Global renewable energy generation surpasses coal for first time
Wind and solar farms worldwide have generated more electricity than coal plants for the first time this year, “marking a turning point for the global power system,” according to research, the Guardian reported.
A report by the climate thinktank Ember found that in the first six months of 2025, renewable energy “outpaced the world’s growing appetite for electricity, leading to a small decline in coal and gas use,” the outlet said.
The world generated almost a third more solar power in the first half of the year compared with the same period in 2024, meeting 83% of the global increase in electricity demand. Wind power grew by just over 7%, allowing renewables to displace fossil fuels for the first time.
The milestone represents “a crucial turning point”, according to Małgorzata Wiatros-Motyka, a senior electricity analyst at Ember and the author of the report.

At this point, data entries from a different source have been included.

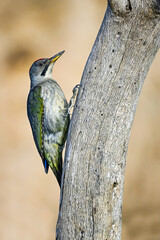Great Spotted Woodpecker, perched on an oak trunk.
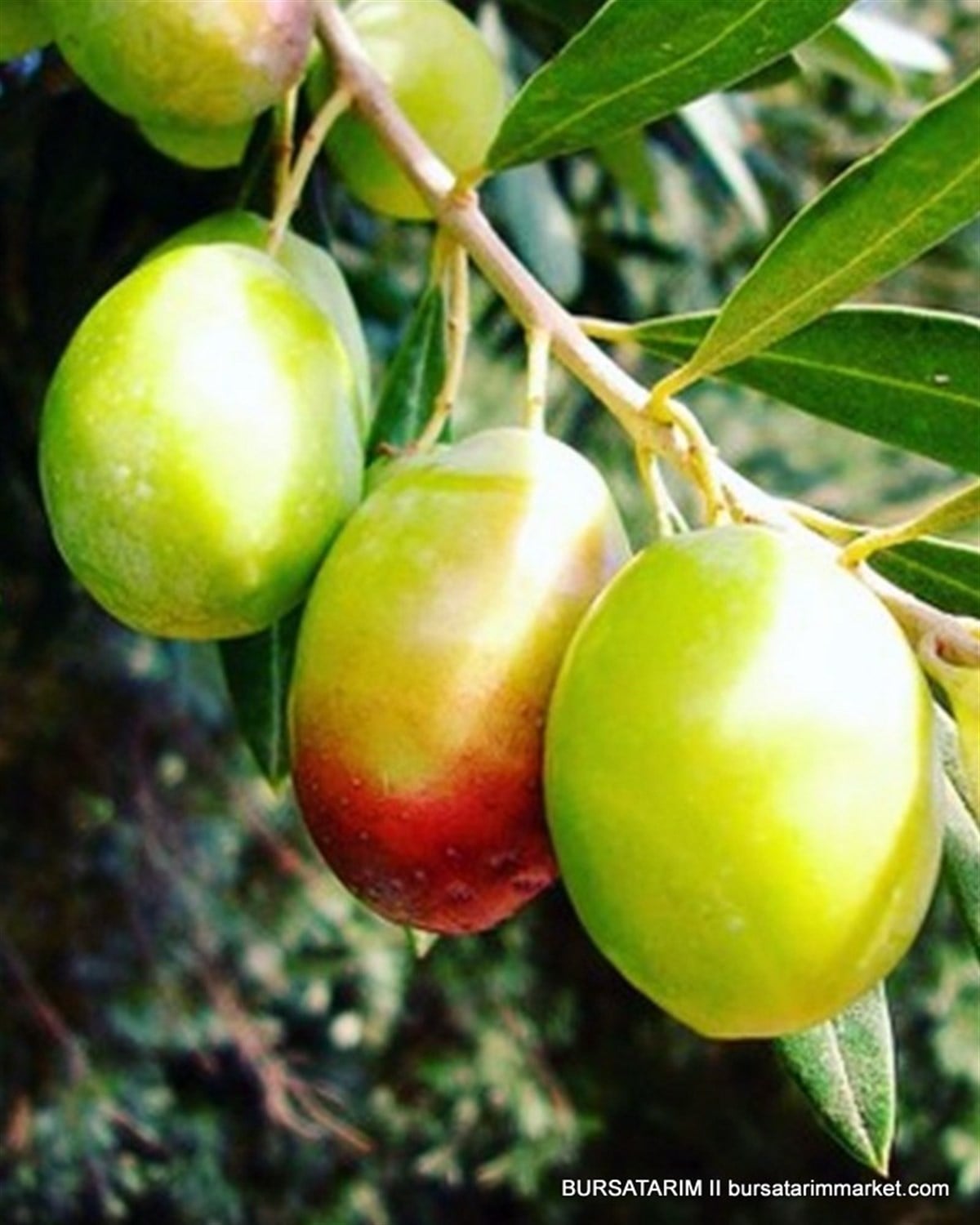 Domat Zeytin Fidanı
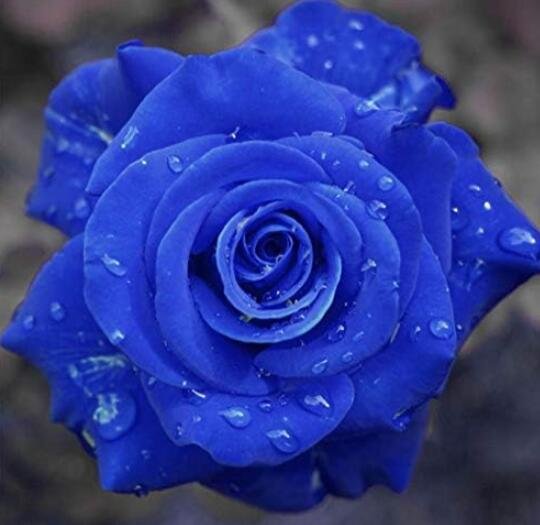 JMS Rare Blue Rose Flower Seeds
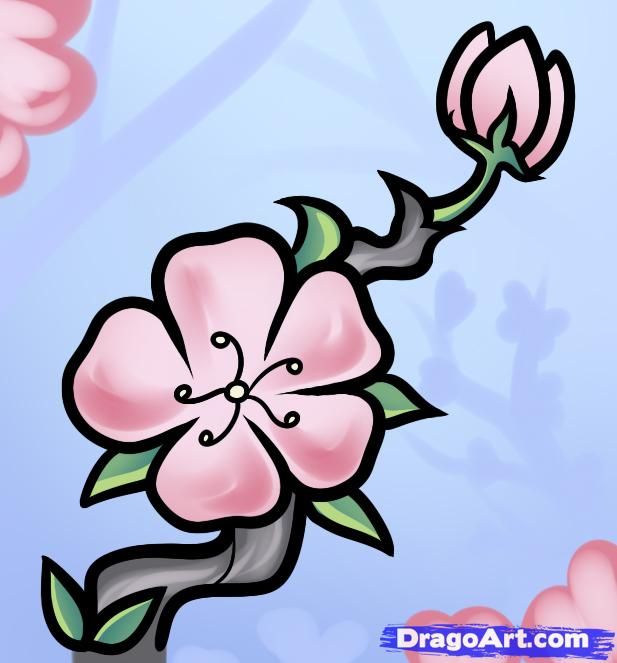 617x663 Easy To Draw Cherry Blossoms How To Draw A Cherry Blossom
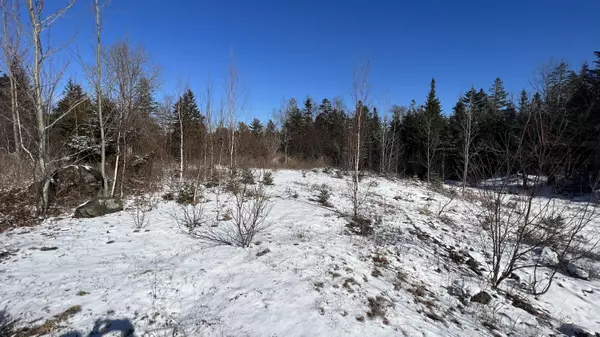 Lubec, ME 04652,Lot 52 &53 Lead Mine RD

US plans to cancel one of the world’s largest solar farms
The US is set to cancel a 6.2 GW solar plant, the largest solar project in North America, reported the Financial Times, “As the Trump administration expands its attack on the embattled renewable energy industry”. The newspaper said: : “Late on Thursday, the Bureau of Land Management scrapped approval for Esmeralda 7, a 6.2 gigawatt project that could have powered nearly 2m homes. It had begun the permitting process under the Biden administration.” The seven solar farms “would have covered about 62,300 acres [25,200 hectares] of federal lands in the Nevada desert north-west of Las Vegas”, the newspaper continued. Industry observers predict that Esmeralda 7 “won’t be the last major project in the pipeline to be pulled”, said Politico. The Guardian said that the interior department “appeared to leave open the possibility that at least parts of the project could be resubmitted for review”.
US: Groups sue EPA over cancelled $7bn for solar energy
A group of solar energy companies, unions, NGOs and homeowners filed a lawsuit against the US Environmental Protection Agency (EPA) over its decision to cancel $7 billion in grants, which were “intended to help low- and moderate-income families install solar panels on their homes”, NYT reported. The lawsuit accuses the EPA of “illegally revoking the money under the Solar for All program without congressional approval”. The Associated Press reported the lawsuit calls the Trump administration’s termination of the program illegal and they want a federal judge to direct the EPA to reinstate it. The programme is affiliated with another $20 billion in green funding also terminated under president Donald Trump that EPA administrator Lee Zeldin had characterised as a fraudulent scheme fraught with waste.